- _EXERCISE INPUTS_:

[Start of Attachment]

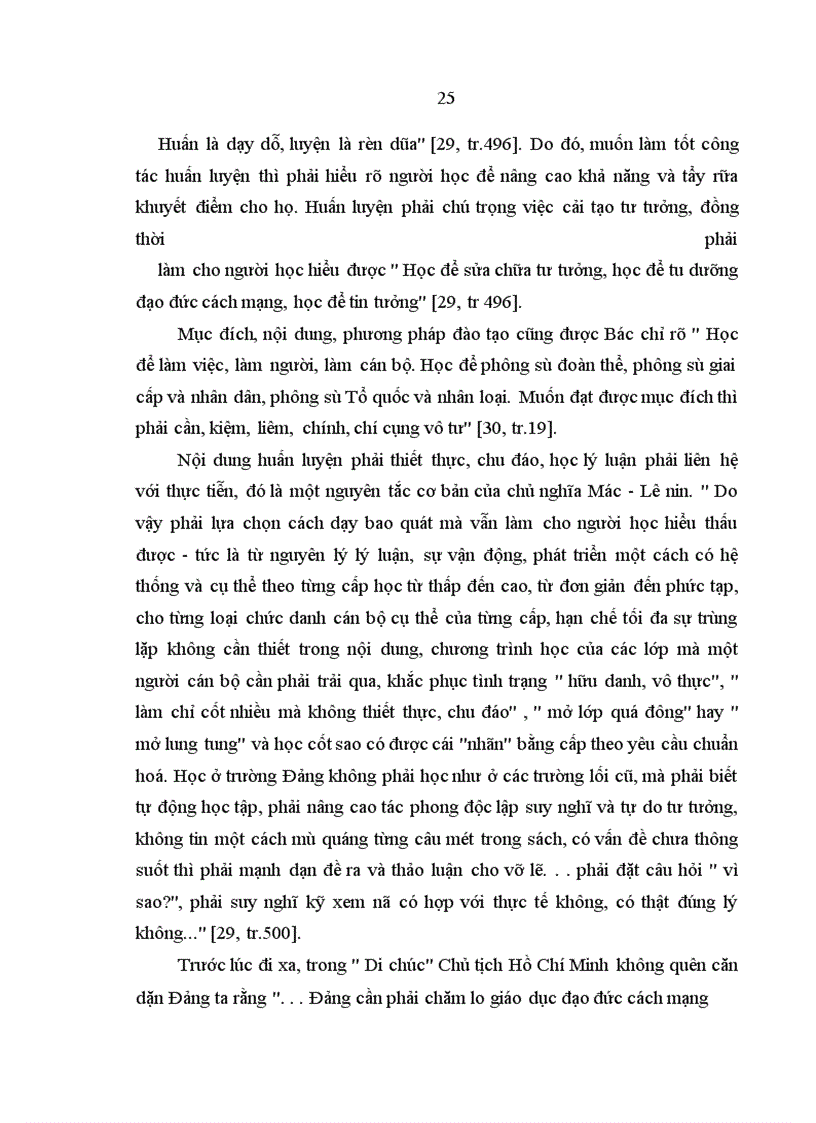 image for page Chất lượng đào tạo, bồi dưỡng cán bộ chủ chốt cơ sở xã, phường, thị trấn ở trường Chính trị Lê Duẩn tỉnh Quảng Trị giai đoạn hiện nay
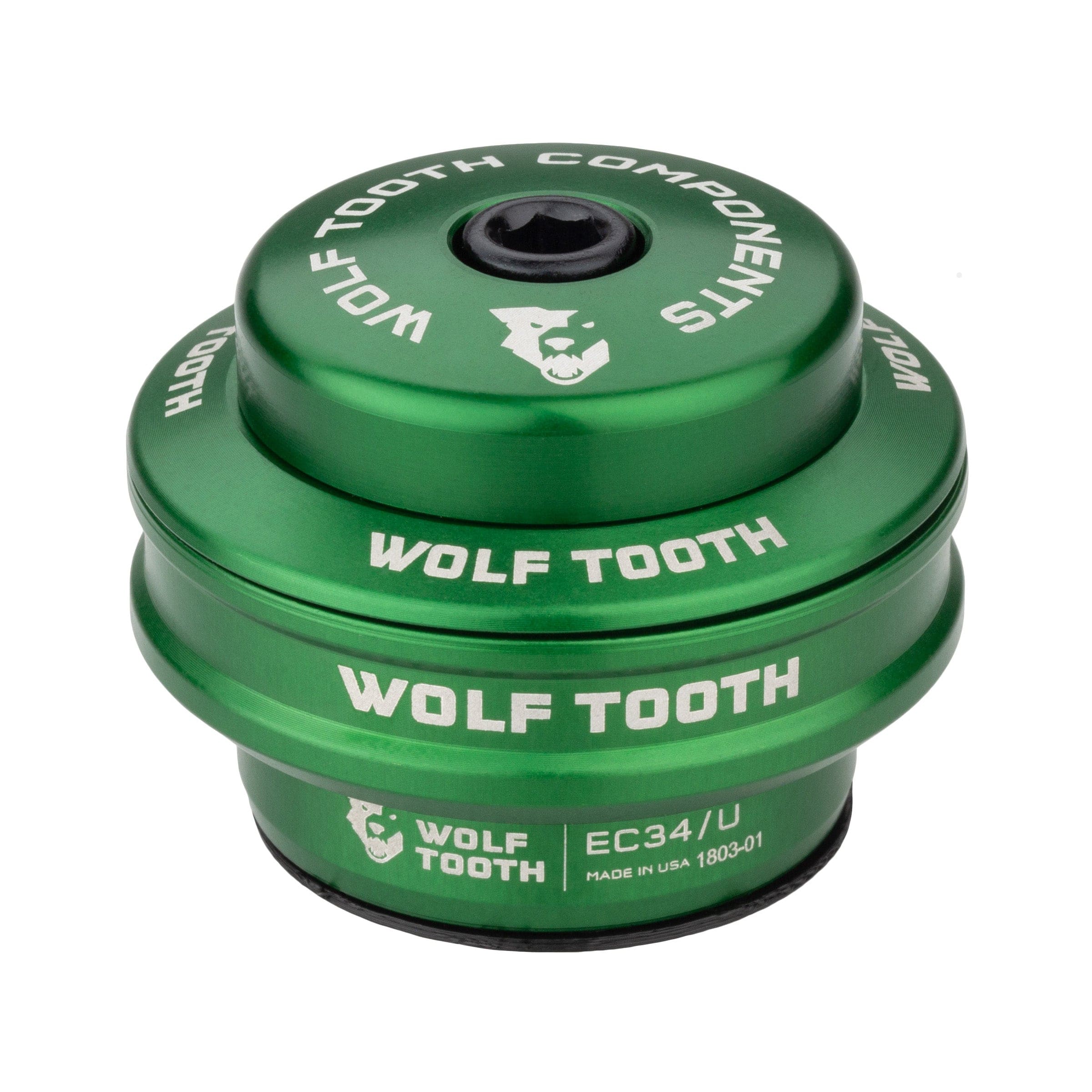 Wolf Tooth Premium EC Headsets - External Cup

[End of Attachment]
[Start of Attachment]

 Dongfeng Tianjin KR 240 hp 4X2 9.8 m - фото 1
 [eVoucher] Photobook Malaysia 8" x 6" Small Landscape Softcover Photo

[End of Attachment]

- _TO DO_: Working from the entries above, please transcribe only the lines from the line with "image for page" through the line with "Wolf Tooth Premium", exactly, with both end lines and without pictures.

- _YOUR SOLUTION_:
 image for page Chất lượng đào tạo, bồi dưỡng cán bộ chủ chốt cơ sở xã, phường, thị trấn ở trường Chính trị Lê Duẩn tỉnh Quảng Trị giai đoạn hiện nay
 Wolf Tooth Premium EC Headsets - External Cup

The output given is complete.